Unfortunately, these sorts of budget setbacks and corresponding cuts to services are nothing new for the many American municipalities that have bought into the Growth Ponzi Scheme — a risky development pattern that has become the norm in the US over the last seventy years.
But what was particularly troubling about this report from Cobb County is the next sentence in the AJC article:
This comes after commissioners voted to issue $27.4 million in bonds to buy more parkland.
I wish I could say that this shocked me, but it didn't. This sort of backwards logic is exactly why our cities are facing increasing financial struggles, and many are on the path to economic ruin.

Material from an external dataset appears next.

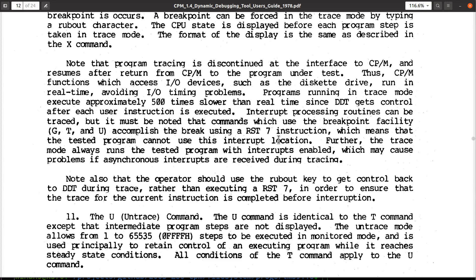it's running in mode zero, which means the pull-up resistors on the data bus make the data bus see all FF during the interrupt acknowledgement cycle, which is treated as an instruction. And the restart instruction opcode is FF, and therefore it causes the CPU to call the restart seven instruction handler, which is what DDT is using for its tracing.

Just last week, I was at a campaign kick off for a friend who is running for state assembly and one of the issues he announced he'd campaign on was transportation. "Why is it that our local leaders are spending millions to build new highway interchanges and widen roads," he asked, "when our neighborhood streets are filled with potholes?" This question could be asked in nearly every American city and town.
Our local leaders keep expanding roads, annexing subdivisions, and adding new projects to their to-do lists, while leaving the most basic needs of neighborhoods unfulfilled. Our local governments will chase after a new big box store or company headquarters until they've been bled dry, but they refuse to pave the sidewalk outside a neighborhood shop or get updated textbooks for elementary schoolers.
In Cobb County, Georgia, the situation is even more absurd than what I've described above, because, in addition to spending more than $27 million they didn't have on new parkland while simultaneously closing existing parks as a result of a budget shortfall, Cobb County also committed to paying ten times this amount to build a new stadium. As the AJC reported in 2013:
Cobb County government will spend $300 million on a new Atlanta Braves stadium and mixed use development near the interstates 75 and 285.
To summarize:
- In 2013, Cobb County offered up $300 million toward a new stadium in the form of 30-year bonds.
- In 2018, Cobb County plans to spend nearly $30 million on new parkland.
- Also in 2018, Cobb County announces a $30 - $55 million budget shortfall, which necessitates the closing of several parks and other services.
Disappointingly, the response to this nonsensical math isn't to look at the process with open eyes and change the way we finance our cities from the ground up. Instead, it's merely the usual shrug of the shoulders and a statement about the trade-off of "raise taxes or cut services."
If we keep responding in this manner, we'll just remain on this downward spiral of temporary gains and long-term losses until we run our cities into the ground. We need a Strong Towns approach now.